Handling errors with Either
There are quite a few ways to indicate and handle errors in Haskell. We are going to look at one solution: using the type Either. Either is defined like this:
data Either a b
= Left a
| Right b
Simply put, a value of type Either a b
can contain either a value of type a
,
or a value of type b
.
We can tell them apart from the constructor used.
Left True :: Either Bool b
Right 'a' :: Either a Char
With this type, we can use the
Left
constructor to indicate failure with some error value attached,
and the Right
constructor with one type to represent success with the
expected result.
Since Either
is polymorphic, we can use any two types to represent
failure and success. It is often useful to describe the failure modes
using an ADT.
For example, let's say that we want to parse a Char
as a decimal digit
to an Int
. This operation could fail if the Character is not a digit.

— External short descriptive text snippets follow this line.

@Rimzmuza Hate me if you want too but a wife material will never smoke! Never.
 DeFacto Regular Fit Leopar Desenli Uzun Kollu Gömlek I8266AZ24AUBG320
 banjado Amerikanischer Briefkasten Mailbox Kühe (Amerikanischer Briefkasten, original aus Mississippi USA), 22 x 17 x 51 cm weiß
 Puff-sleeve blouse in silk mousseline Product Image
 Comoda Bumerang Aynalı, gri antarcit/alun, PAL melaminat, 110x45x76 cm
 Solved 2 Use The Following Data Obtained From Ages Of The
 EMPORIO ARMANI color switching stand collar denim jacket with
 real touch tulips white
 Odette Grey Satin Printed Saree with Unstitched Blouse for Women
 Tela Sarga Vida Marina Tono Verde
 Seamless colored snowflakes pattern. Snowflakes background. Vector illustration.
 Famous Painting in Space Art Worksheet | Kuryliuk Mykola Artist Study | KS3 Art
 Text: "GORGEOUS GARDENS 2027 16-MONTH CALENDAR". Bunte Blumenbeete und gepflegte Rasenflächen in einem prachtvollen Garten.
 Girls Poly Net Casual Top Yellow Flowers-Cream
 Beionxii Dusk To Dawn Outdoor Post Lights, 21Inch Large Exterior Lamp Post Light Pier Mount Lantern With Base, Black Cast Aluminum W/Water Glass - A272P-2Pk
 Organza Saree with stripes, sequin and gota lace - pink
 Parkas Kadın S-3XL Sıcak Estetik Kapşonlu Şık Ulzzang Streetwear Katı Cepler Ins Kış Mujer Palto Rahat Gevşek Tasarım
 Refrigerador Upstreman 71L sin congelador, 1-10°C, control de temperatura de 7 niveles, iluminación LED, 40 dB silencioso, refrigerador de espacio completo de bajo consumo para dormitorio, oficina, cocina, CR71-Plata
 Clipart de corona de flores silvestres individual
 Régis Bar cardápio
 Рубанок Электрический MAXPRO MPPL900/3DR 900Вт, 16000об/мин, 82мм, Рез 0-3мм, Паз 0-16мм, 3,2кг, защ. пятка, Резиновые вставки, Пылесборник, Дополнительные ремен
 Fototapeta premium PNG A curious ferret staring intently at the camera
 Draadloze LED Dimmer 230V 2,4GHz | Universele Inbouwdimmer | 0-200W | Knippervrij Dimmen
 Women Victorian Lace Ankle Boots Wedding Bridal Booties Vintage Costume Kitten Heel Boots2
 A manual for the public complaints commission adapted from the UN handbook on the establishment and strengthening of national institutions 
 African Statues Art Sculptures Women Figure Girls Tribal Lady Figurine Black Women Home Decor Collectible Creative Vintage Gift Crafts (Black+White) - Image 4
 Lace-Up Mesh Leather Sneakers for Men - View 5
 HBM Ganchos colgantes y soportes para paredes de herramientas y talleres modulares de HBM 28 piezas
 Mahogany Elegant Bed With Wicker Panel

We can represent this error as a data type:
data ParseDigitError
= NotADigit Char
deriving Show
And our parsing function can have the type:
parseDigit :: Char -> Either ParseDigitError Int
Now when we implement our parsing function, we can return Left
on an error
describing the problem, and Right
with the parsed value on successful parsing:
parseDigit :: Char -> Either ParseDigitError Int
parseDigit c =
case c of
'0' -> Right 0
'1' -> Right 1
'2' -> Right 2
'3' -> Right 3
'4' -> Right 4
'5' -> Right 5
'6' -> Right 6
'7' -> Right 7
'8' -> Right 8
'9' -> Right 9
_ -> Left (NotADigit c)
Either a
is also an instance of Functor
and Applicative
,
so we have some combinators to work with if we want to combine these
kinds of computations.
For example, if we had three characters and we wanted to try and parse each of them and then find the maximum between them; we could use the applicative interface:
max3chars :: Char -> Char -> Char -> Either ParseDigitError Int
max3chars x y z =
(\a b c -> max a (max b c))
<$> parseDigit x
<*> parseDigit y
<*> parseDigit z
The Functor
and Applicative
interfaces of Either a
allow us to
apply functions to the payload values and delay the error handling to a
later phase. Semantically, the first Either in order that returns a Left
will be the return value. We can see how this works in the implementation
of the applicative instance:
instance Applicative (Either e) where
pure = Right
Left e <*> _ = Left e
Right f <*> r = fmap f r
At some point, someone will actually want to inspect the result
and see if we get an error (with the Left
constructor) or the expected value
(with the Right
constructor) and they can do that by pattern-matching the result.
Applicative + Traversable
The Applicative
interface of Either
is very powerful and can be combined
with another abstraction called
Traversable
-
for data structures that can be traversed from left to right, like a linked list or a binary tree.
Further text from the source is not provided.